After the 5th of April 2012, foreign domestic workers can only apply for a six-month visa after working with the same household for over a year but this cannot be renewed. Campaigners say being tied to an employer prevents workers from protecting themselves from abuses.

Organisations like Kalayaan have been compiling evidence against the changes for almost a decade. Their research shows a direct inverse between legal recognition of their rights under the route and abuse and exploitation by employers. In 2013, 74% of those who entered on the tied visa and went to Kalayaan for support reported psychological abuse.

The government permits domestic workers to apply for different visas, however, the fees can be expensive and they may not qualify. Overseas domestic workers also receive no recourse to public funds, forcing them to become financially-reliant on potentially abusive employers.

‘The government does not intend to reinstate the visa category for Domestic Workers in a Private Household, which closed to new arrivals in 2012’

The main aim of the initial campaign was to change the law to allow domestic migrant workers to renew their visa and receive government support.

Campaigners protesting the exploitation of domestic migrant workers and modern slavery. (Source: Ibtimes)

The Joint Council for the Welfare of Immigrants also stood in solidarity with the domestic migrant workers, describing the government’s decision as ‘abysmal.’ They also stated, ‘our visa rules promote abuse and exploitation of migrant domestic workers, and the government knows this.’

Marissa Begonia, a domestic worker and director of The Voice of Domestic Workers, discussed the call for visa changes. ‘Domestic workers must be allowed to renew their visas and settle in the UK’, she said.

‘Our visa rules promote abuse and exploitation of migrant domestic workers, and the government knows this’

The visa restrictions are not the only issue, as abuse revelations have reportedly increased during COVID-19. In the UK, overseas domestic employees have continued to work illegally during the lockdown, as many were desperate without income or have been forced by their employers. 

Migrant domestic workers exploited, not trafficked

The VDW has supported its members by setting up a Covid-19 Hardship Fund, which accepted donations to provide financial support, food, medicine and PPE to migrant domestic workers. The support is welcomed by workers who work extremely long hours in unsafe environments where mask-wearing and social distancing is discouraged. 

Domestic migrant workers have also reported incidents where they have worked tirelessly all day and night for under minimum wage with little food or sleep. Some domestic cleaners have even been tricked into working under the false pretences that nobody would be in the home. This has resulted in them developing COVID-19 symptoms, which have been ignored by employers who have forced them to continue working. 

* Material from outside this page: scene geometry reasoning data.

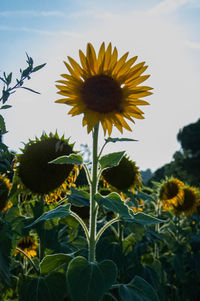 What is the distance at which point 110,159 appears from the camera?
1525 mm

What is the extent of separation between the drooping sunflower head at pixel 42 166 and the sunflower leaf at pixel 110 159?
16.2 inches

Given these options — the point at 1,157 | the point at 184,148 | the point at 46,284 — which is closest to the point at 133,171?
the point at 46,284

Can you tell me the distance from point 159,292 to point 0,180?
1579 millimetres

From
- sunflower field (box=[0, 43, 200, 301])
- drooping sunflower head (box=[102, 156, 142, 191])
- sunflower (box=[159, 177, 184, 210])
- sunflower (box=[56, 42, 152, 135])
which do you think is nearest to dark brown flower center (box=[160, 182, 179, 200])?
sunflower (box=[159, 177, 184, 210])

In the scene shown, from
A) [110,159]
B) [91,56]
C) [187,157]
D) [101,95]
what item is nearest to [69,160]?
[110,159]

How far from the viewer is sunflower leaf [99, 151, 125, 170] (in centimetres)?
151

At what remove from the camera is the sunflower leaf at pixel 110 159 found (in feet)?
4.97

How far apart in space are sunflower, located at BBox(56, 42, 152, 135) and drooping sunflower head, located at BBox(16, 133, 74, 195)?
1.04 feet

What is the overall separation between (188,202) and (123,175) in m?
1.98

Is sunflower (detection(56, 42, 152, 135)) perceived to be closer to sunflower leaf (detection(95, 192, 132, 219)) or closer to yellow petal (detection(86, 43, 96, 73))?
yellow petal (detection(86, 43, 96, 73))

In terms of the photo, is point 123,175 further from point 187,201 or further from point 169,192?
point 187,201

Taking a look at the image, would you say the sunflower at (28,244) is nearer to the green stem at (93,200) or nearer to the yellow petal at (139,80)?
the green stem at (93,200)

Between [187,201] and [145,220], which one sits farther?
[187,201]

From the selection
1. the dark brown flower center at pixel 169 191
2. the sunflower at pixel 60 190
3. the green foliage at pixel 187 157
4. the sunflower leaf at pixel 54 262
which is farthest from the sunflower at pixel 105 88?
the green foliage at pixel 187 157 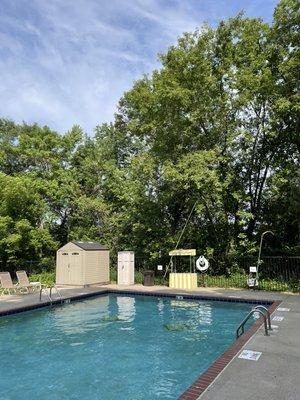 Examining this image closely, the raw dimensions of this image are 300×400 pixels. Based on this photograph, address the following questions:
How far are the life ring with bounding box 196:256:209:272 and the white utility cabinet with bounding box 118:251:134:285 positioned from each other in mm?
3248

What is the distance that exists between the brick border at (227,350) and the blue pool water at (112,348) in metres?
0.20

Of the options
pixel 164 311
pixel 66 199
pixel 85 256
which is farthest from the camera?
pixel 66 199

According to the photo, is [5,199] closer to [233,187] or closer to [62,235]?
[62,235]

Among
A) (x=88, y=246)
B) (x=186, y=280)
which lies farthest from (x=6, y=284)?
(x=186, y=280)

Migrants working in these environments trapped, as quitting could result in deportation, which could be detrimental to refugees who have escaped dangerous situations. Those who report their circumstances must also prove they have been trafficked. 

If proven, they will no longer be allowed to work and receive national asylum support allowance of just £39.60 per week. Foreign workers are currently only allowed to see employment when their visa is approved, which could take up to three years. 

If a domestic worker cannot prove they have been trafficked, then the chances of deportation increase after the six-month visa expires. Avril Sharp, Legal and Policy Campaigns Officer at Kalayaan, described this rule as ‘a problematic response.’

We (Kalayaan) have lots of people come to us who have been exploited but haven’t been trafficked

Avril Sharp also explained that many workers end up being trafficked back into the UK after their visa expires, along with losing ‘the basic fundamental right that will keep them safe in the UK.’

Kalayaan has vowed that its campaigning is ‘far from over and is just us getting started’. They plan to announce the next stages of their work to fight for and support exploited migrant employees in private households across the UK.